Rev. Dinah Haag, preaching
This morning we are wrapping up this Lenten theme of names of God. Names are so interesting, because there’s generally always something behind the name. For instance, when you take a pen name ... that's a nom de plume. When you take a name for war, that's a nom de guerre. When you take a name for an eating contest, that's a nom de nom nom nom.
In my research for this morning’s message, I discovered that April 9th is National Name Yourself Day, a day that encourages individuals to change their names for one day. If anyone takes part in this event, I’d love to know, because, well, you know I would. For instance, you could fasten a toy frog to a headband, put it on your head and call yourself Lily that day. (Frog on lily.) Or you could fasten a little shovel onto a beanie hat and call yourself Doug. (dug) Or you could find a friend and each of you could each wear an old window frame, and you could be Curt ’n Rod. (This is the point where I’m so sad that I can’t hear all the groans and giggles.)
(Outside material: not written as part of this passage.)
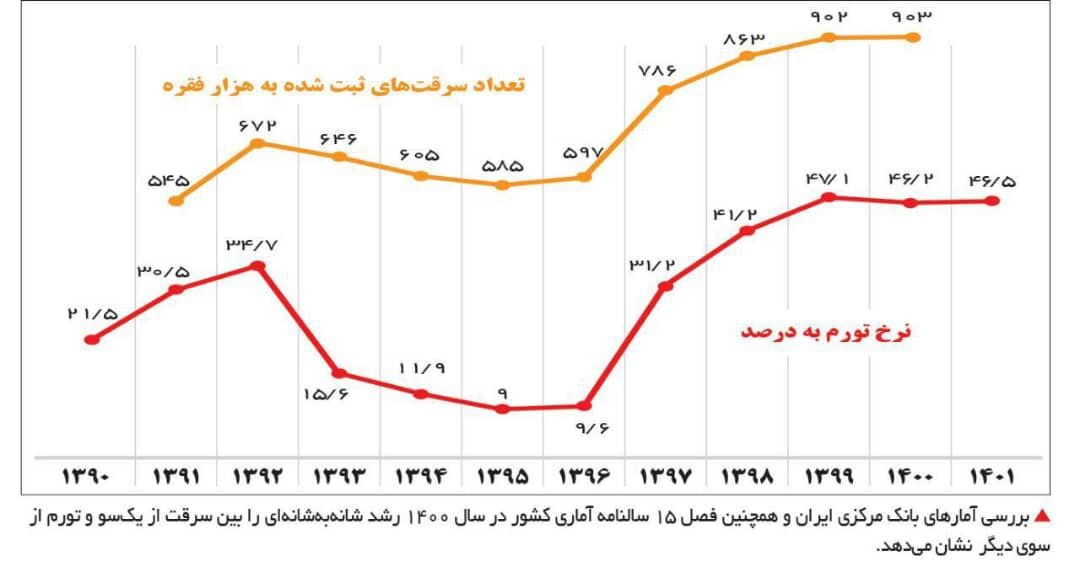 رابطه معنی دار سرقت و تورم در ایران (نمودار)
Since some folks weren’t with us when we started this series, back when we were still shaking hands and hugging, according to ChristianAnswers.net, there are 955 names and titles of God in the Bible. We will have covered ten at the end of the day. If nothing else, maybe this shining of the flashlight on names of God will inspire a deeper, personal investigation into how we address God.
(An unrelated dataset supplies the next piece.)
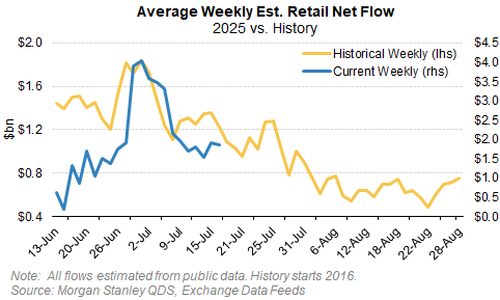 , Company Buybacks Are Surging – RIA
At the very least, it has been an unfolding miracle as there was no way of knowing that we would be in this place way back in November of last year, when I tucked away an article from iBelieve.com on these names of God. As much as I would like to think that I had such super-powers, I have to hand any accolades over to God.
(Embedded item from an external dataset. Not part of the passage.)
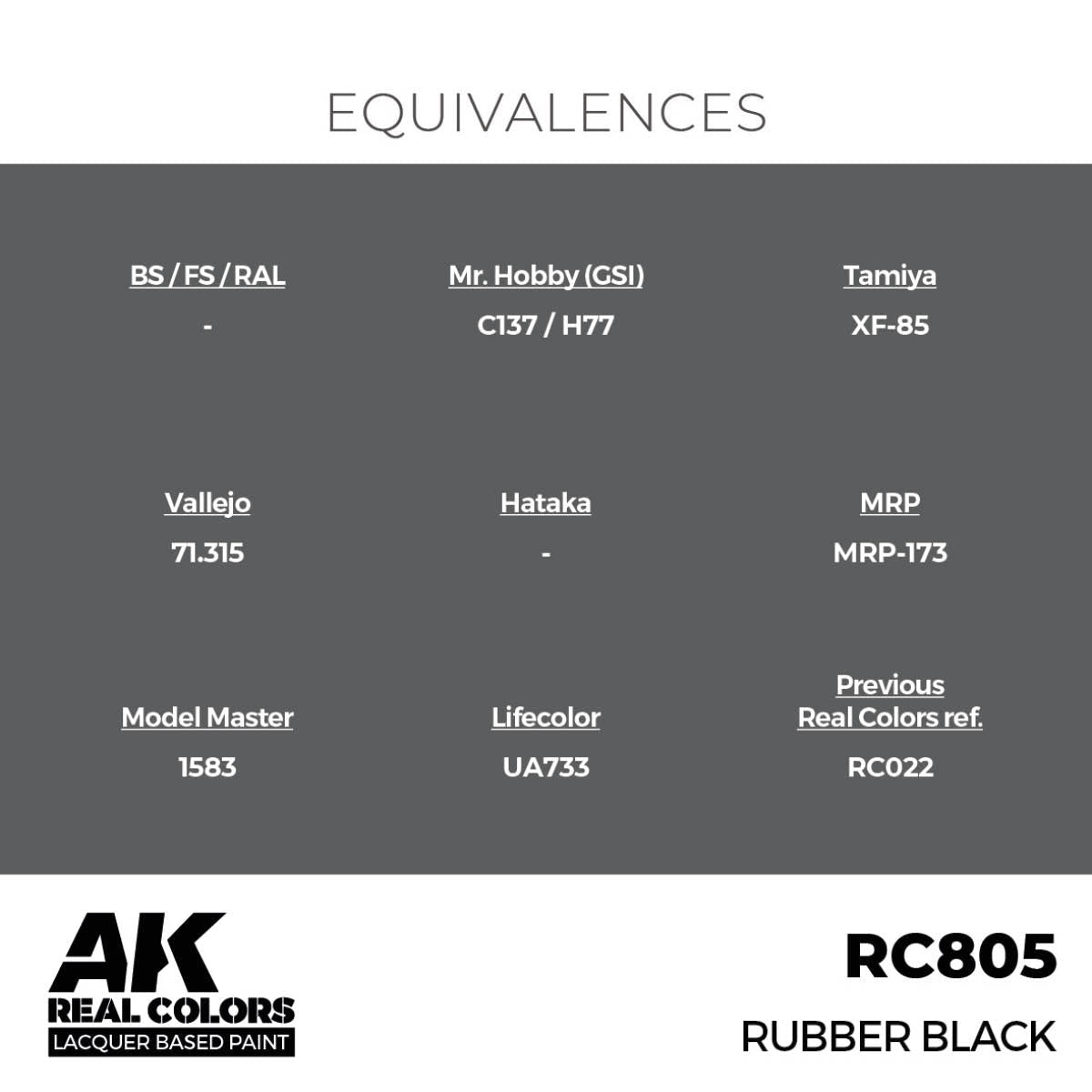 AK Interactive Real Colors - Rubber Black 17ml. (RC805)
We began with Yahweh: God’s formal name and Elohim is God’s creative power and might side. The next week, the focus was on Abba and El Elyon week - God’s familiar name like Daddy and God’s High Domain, theoretically and spatially speaking. Then we explored El Roi - the God Who Sees our situations and El Shaddai, the God who is Almighty, in whom lies our peace and safety. Last week took us to Yahweh Yireh, which is our God of Provision and Yahweh Nissi - our God of enveloping protection. Today we get to Jehovah Rapha - God as Healer and Yahweh Shalom - The Lord Is Peace.
Before getting to the scripture passages, which are Exodus 15 & Judges 6, a little background. To set up the Exodus passage, Moses and the Israelites were starting on their 40 year jaunt into the desert. The first Passover had happened, when God had finished all the plagues and the Pharaoh had freed the Hebrew people. Enter Charleton Heston and the Ten Commandments movie, and the people passing through the Red Sea. It was probably a tad different than that, but I’m guessing you already knew that.
Anyway, they were right on the cusp of something of which they had no idea, and Moses and his sister, Miriam, had just had a little celebration for getting a huge number of people through to safety - like somewhere between 600,000 and a couple million people.
Exodus 15:22-27 The Waters of Marah and Elim
22 Then Moses led Israel from the Red Sea and they went into the Desert of Shur. For three days they traveled in the desert without finding water. 23 When they came to Marah, they could not drink its water because it was bitter. (That is why the place is called Marah.) 24 So the people grumbled against Moses, saying, “What are we to drink?”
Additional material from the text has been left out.